The protests followed a US Supreme Court decision last month to overturn Roe v. Wade and end nearly 50 years of constitutional protection for abortion. In the absence of a landmark 1973 case guaranteeing the right to terminate a pregnancy, the case for abortion legislation falls to the states. Illinois leaders have sought to reassure residents and other Midwesterners that the state will remain a haven for abortion.
Earlier in the day, March for Life was set up in Federal Plaza, with four large speaker systems hanging from a stage to ensure that the voices of its representatives would bounce for blocks. The organization’s executive director, Kevin Grillot, thanked supporters for not giving up, saying, “After 49 long years, Roe vs. Wade is gone.” There was applause in the rally crowd.
Grillot then attempted to hold a moment of silence for all abortions performed in America, although the protestors had already interrupted the calm with chants of “Abortion Rights in Every State, 2, 4, 6, 8” and was interrupted.
Another speaker who identified herself as “Jennifer” began sharing her story of regretting the abortion. A group of motorcyclists in favor of abortion restarted their engines in an attempt to get her out, but she ended her speech.
As the speaker continued to walk, verbal skirmishes broke out at the corner of Federal Plaza. A small group of pro-abortion protesters, shouting “My body, my choice,” followed a man shouting slogans against abortion rights with a megaphone and someone else said, “Take your feet off.”
Eventually, a Chicago police lieutenant told the defendants to leave the area or be subject to arrest, a directive that the crowd complied with as police set up a bike perimeter around an anti-abortion rally.
The top story from the editors of the Chicago Tribune, delivered to your inbox each afternoon.
“Our Constitution says everyone has the right to life, and abortion takes away life. So it’s as simple as that,” a woman from Medina, Illinois, who identified herself as “Nancy,” told only one interview. said in. “The naivety of these people, to think that they are not killing anyone.”

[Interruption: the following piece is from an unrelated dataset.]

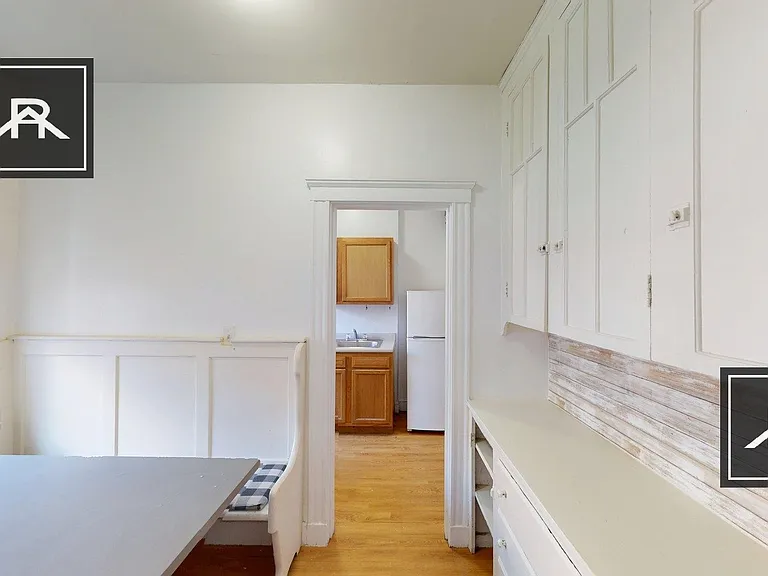 68 Chiswick Rd #17 — Photo 9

Meanwhile, Jay Baker, an organizer for Rise Up 4 abortion rights, dismissed the conservative-leaning Supreme Court as “totally illegitimate” during a rally at Daly Plaza that took place before the march to demonstrate Life.
“Two weeks ago, a hammer fell on us,” Baker told the crowd. “These Christian fascists dressed in black put the value of a clump of cells above half the population.”
One of the younger abortion rights protesters in the crowd was Destiny Vasquez, a 17-year-old student at George Washington High School on the Southeast side. She said she has been organizing the moment for the past year and is concerned that the Supreme Court’s ruling will affect people of color the most.
“I don’t know why they’re going against basic human rights,” Vasquez said of the March for Life rallygoers. “If they really care about life, they’ll care about what happened after that baby was born. We lack formula, lack food. So scarcity-wise and what we do in real life Happening, not concentrating on it.”
A Chicago Police spokesman said no arrests were made during the demonstration.